I'm Officially Hashicorp Certified. Here's How I Passed the HCTA Exam.

I decided now was as good a time as any to study up, and get myself certified as a Hashicorp Terraform Associate. What follows then, is an account of my experience studying for and taking the HCTA exam.

I'm Officially Hashicorp Certified. Here's How I Passed the HCTA Exam.

Preamble

A few months ago, I started a new job with Petabloc Cloud Consulting as a Senior Platform Engineer. I quickly saw how heavily they used Terraform to do the majority of the heavy lifting in their clients' cloud environments, and while I knew a bit about Terraform, I was certainly junior next to the majority of folks on the team in that regard. So I decided now was as good a time as any to study up, and get myself certified as a Hashicorp Terraform Associate. What follows then, is an account of my experience studying for and taking the HCTA exam.

Taking The Exam


The Exam

The HCTA is a proctored, written exam, that costs ~$70USD. It's roughly 70-100 multiple choice questions, with a passing grade of 70%, and you have approximately two hours to complete it.

The Proctors

The proctors are curiously more strict than you might expect. Aside from the typical requirements for most online proctored exams (room check, no devices present, government-issued ID as proof of identity), they ask that you not talk during the exam (I was admonished by my proctor for idly reading a question back to myself), and no headwear is allowed either (I was wearing a hat and was asked to remove it during the exam). TL;DR: Do yourself a favour and give the exam rules a very careful read.

The Exam Platform

The exam platform asks that you use their "secure browser", however as a dyed-in-the-wool Firefox user, I had trouble getting the exam browser to launch. I ended up having to download and use Chrome to get it working.

Exam-Day Prep

Considering all the constraints and rules I've just mentioned, give yourself plenty of time ahead of the exam to prepare. If your exam is at 1PM, start getting set up at 10am. Take an hour to refresh your memory with a practice exam if you can, get your laptop set up, get some fresh air, drink some water/coffee, and log into the exam platform as early as they'll let you.

Studying/Preparing For The Exam

Courses

The online course I took was through A Cloud Guru, and I can't recommend them enough. Their courses are typically a good mix of videos and hands-on learning by industry professionals that are usually pretty easy to follow along with. Overall their platform is great, but their Terraform course is one of the best I've seen anywhere.

Practice Exams

A Cloud Guru and platforms like them are great, but I personally have found that pairing courseware with a practice exam or two is always helpful. With that in mind, I used Udemy for this purpose. Here's the Udemy course I used. Why Udemy?
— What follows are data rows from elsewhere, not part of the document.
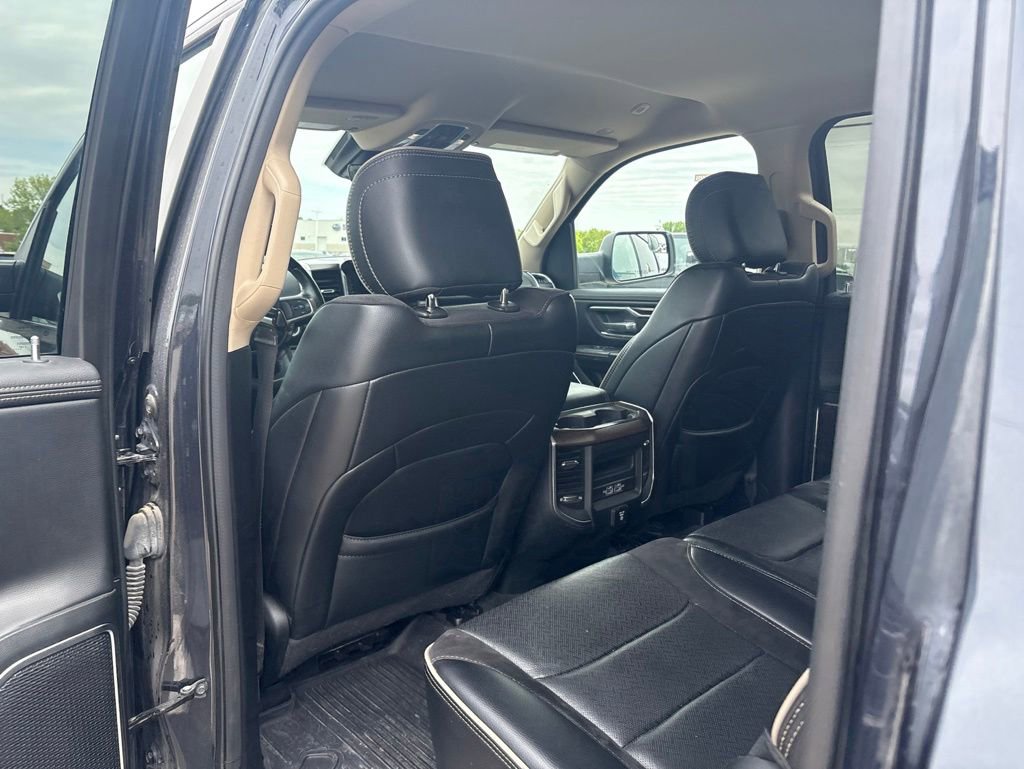 Used 2021 RAM 1500 Laramie AWD/4WD image 30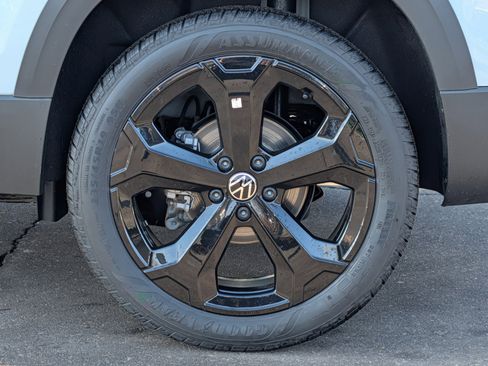 New 2026 Volkswagen Taos SE AWD/4WD image 3
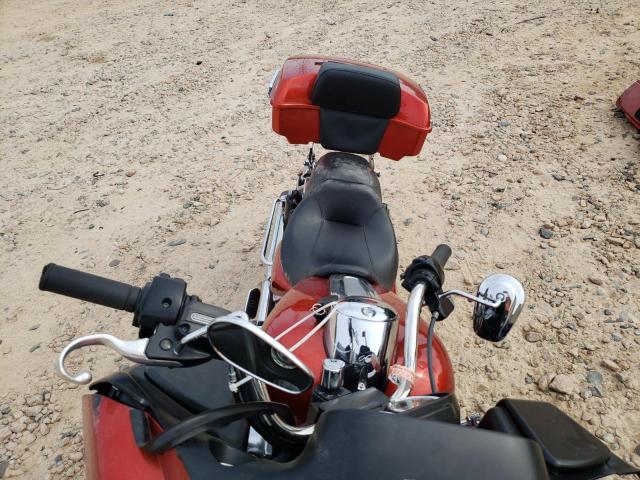  HARLEY-DAVIDSON FL 2013 Оранжевий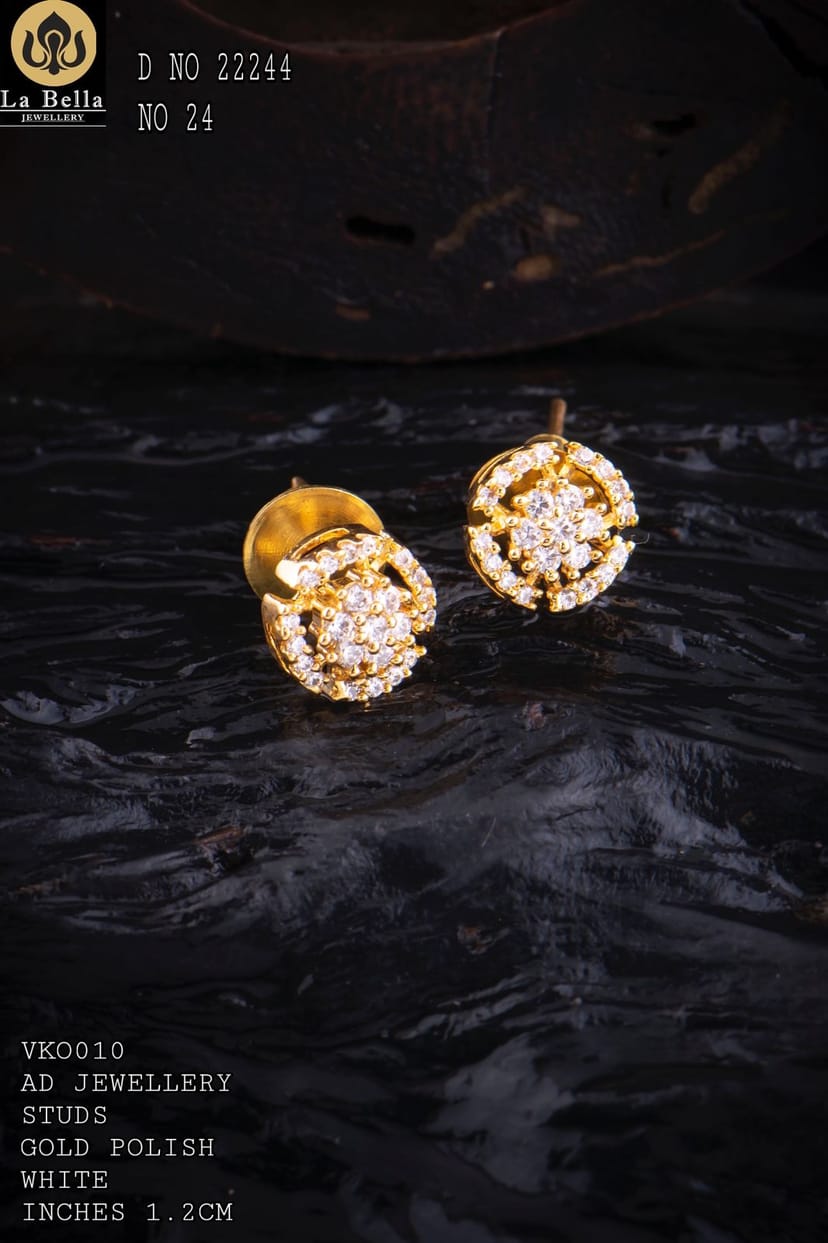 LABELLA AD STUDS - Image 1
Their courses are typically cheap, and this particular course offers five separate practice exams.

Lab Environment

As great as doing courses and practice exams are, there's no better practice than just doing it yourself in a live environment. The offical Terraform docs from Hashicorp are pretty solid, so what I recommend is to just set up a "free-tier" AWS account, install Terraform, and go to town. Spin up some EC2 instances, create some S3 buckets, move your state file into said buckets, go nuts. Play. Experiment. Hell, pair your Terraform modules with an Ansible playbook or two and set up some simple web applications or something.

Summary

Overall, I had a pretty decent experience taking the HCTA. The exam platform itself is a little rough around the edges, and the proctors could stand to lighten up a touch, but otherwise, it's definitely a worthwhile cert to get. It's worth noting though that the certification itself is valid for two years, so you'll have to recertify every now and then, but at $70, it's not a bad way to stay current with your knowledge of Terraform.